§ What you have to do:
The response should consist of the data below, copied exactly, with no pictures in it.

§ Record extracts:
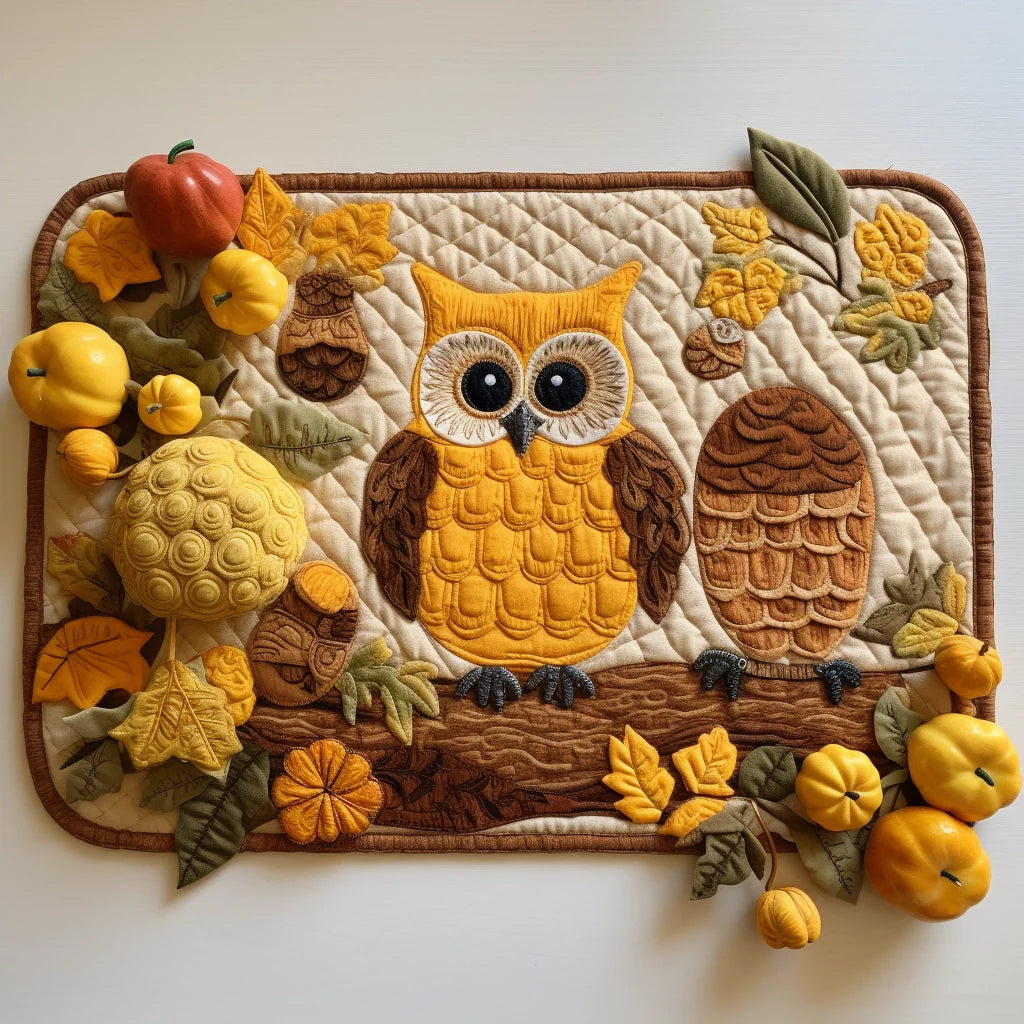 Owl Quilted Placemat Cute Table Mats Owl Presents For Ladies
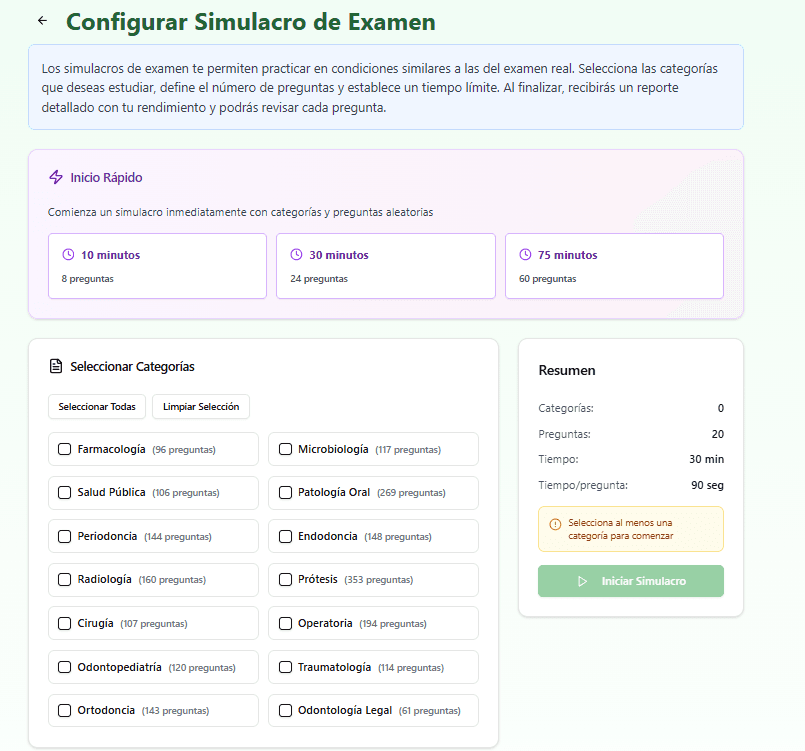 Simulacros de examen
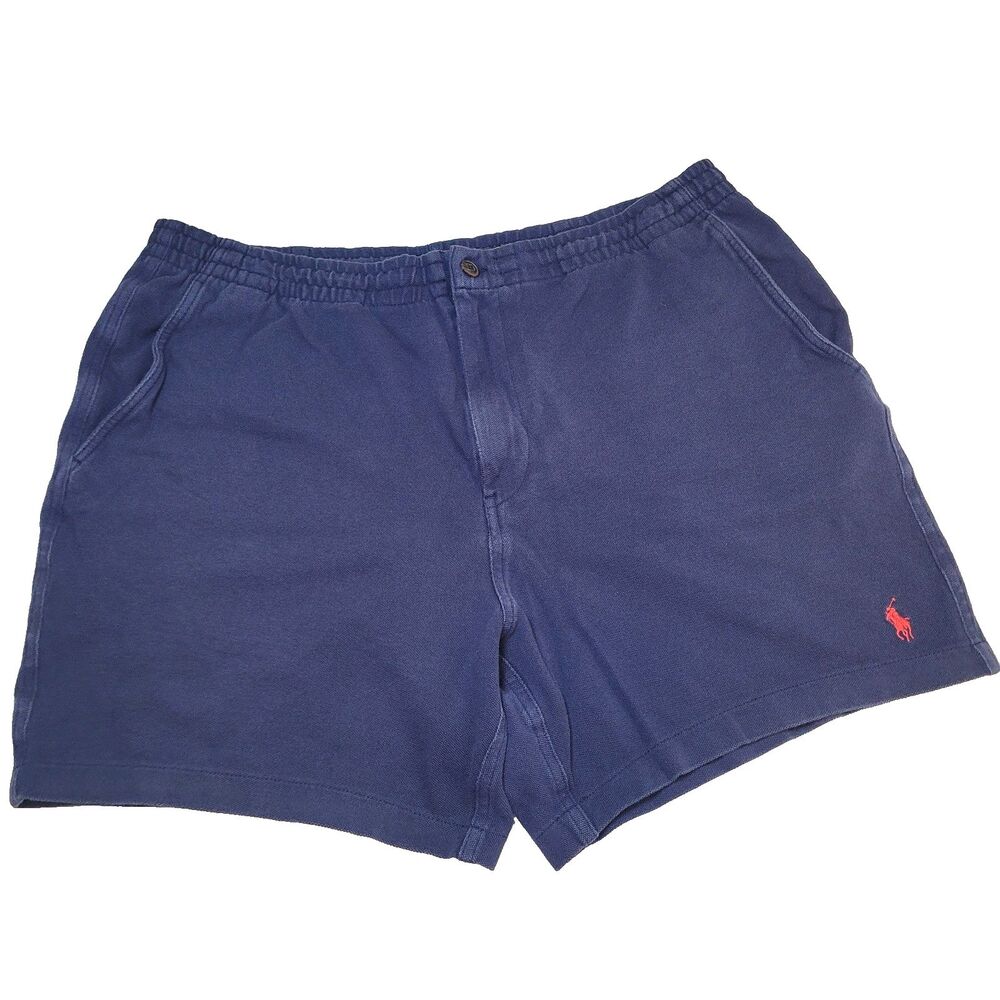Polo Ralph Lauren Sweat Shorts Mens XXL Navy Blue 6" Stretch Strawstring Zip Fly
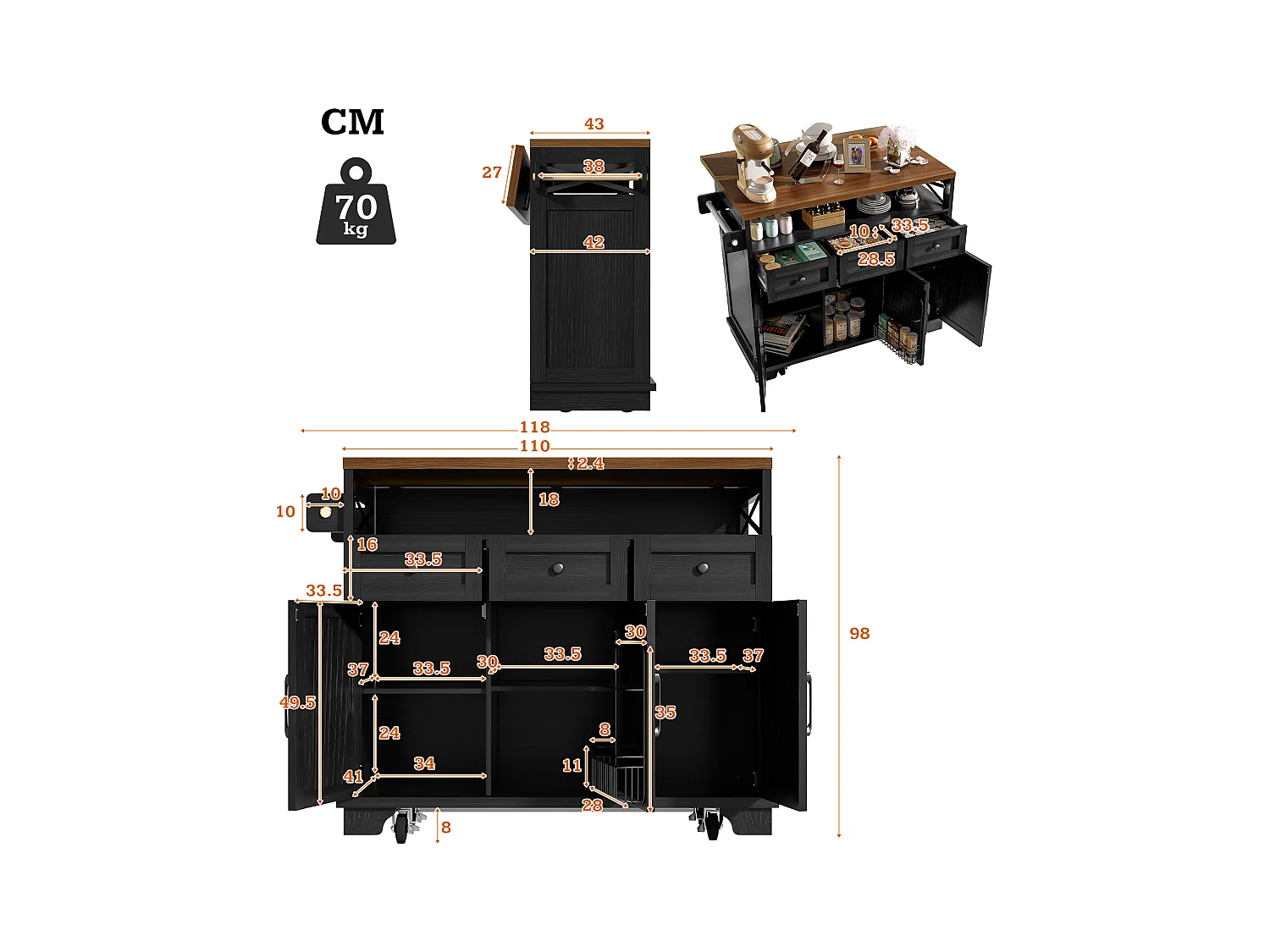 Isla de cocina moderna (118×43-80×98 cm), mueble de cocina con ruedas, separador extraíble, toallero, acabado madera (negro)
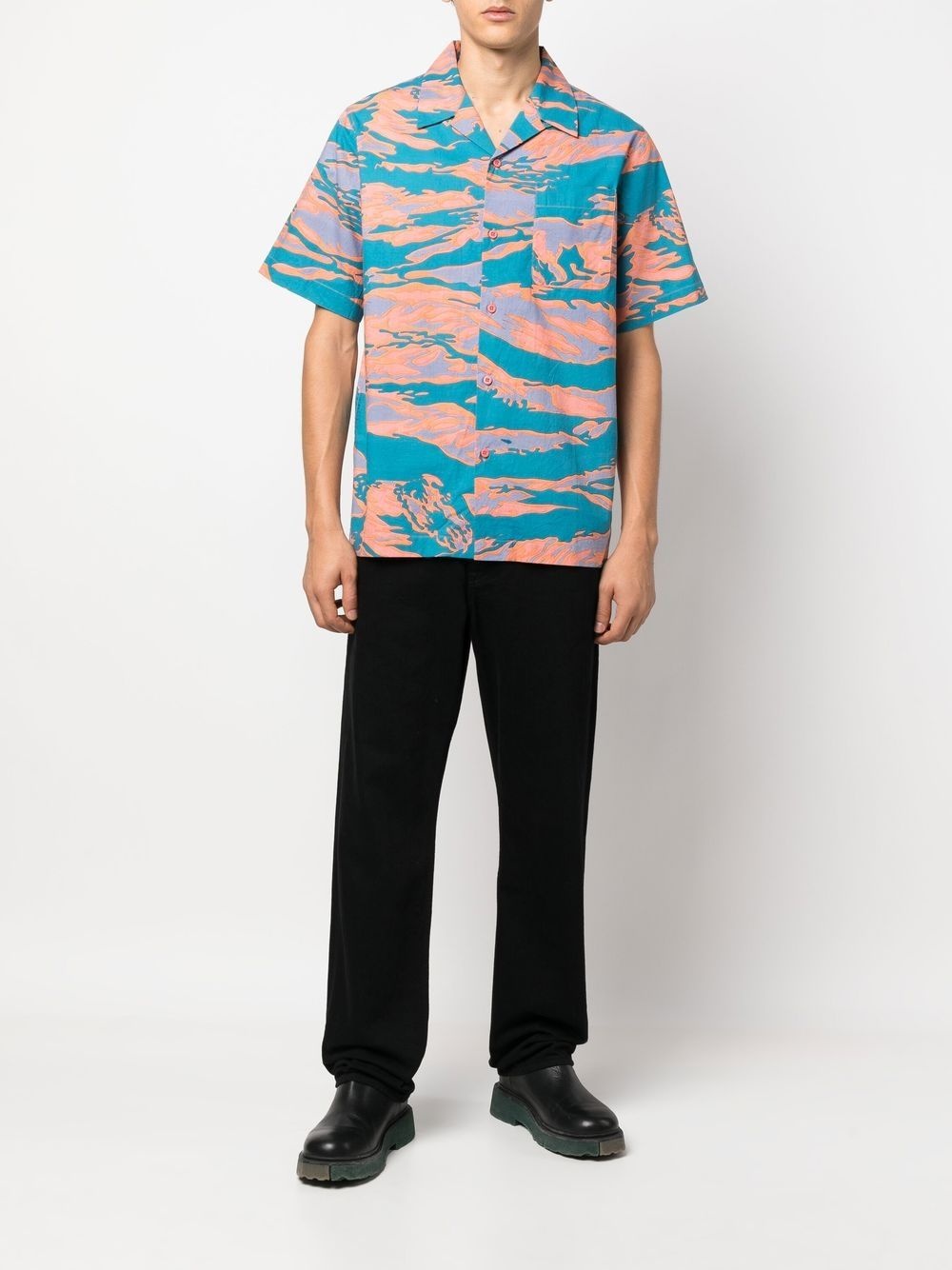 graphic-print camp-collar shirt - 2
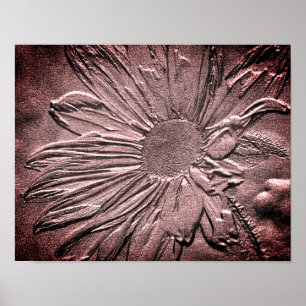 Sculpted Effect Black Eyed Susan Flower Art Poster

§ Result of the task:
 Owl Quilted Placemat Cute Table Mats Owl Presents For Ladies
 Simulacros de examen
Polo Ralph Lauren Sweat Shorts Mens XXL Navy Blue 6" Stretch Strawstring Zip Fly
 Isla de cocina moderna (118×43-80×98 cm), mueble de cocina con ruedas, separador extraíble, toallero, acabado madera (negro)
 graphic-print camp-collar shirt - 2
 Sculpted Effect Black Eyed Susan Flower Art Poster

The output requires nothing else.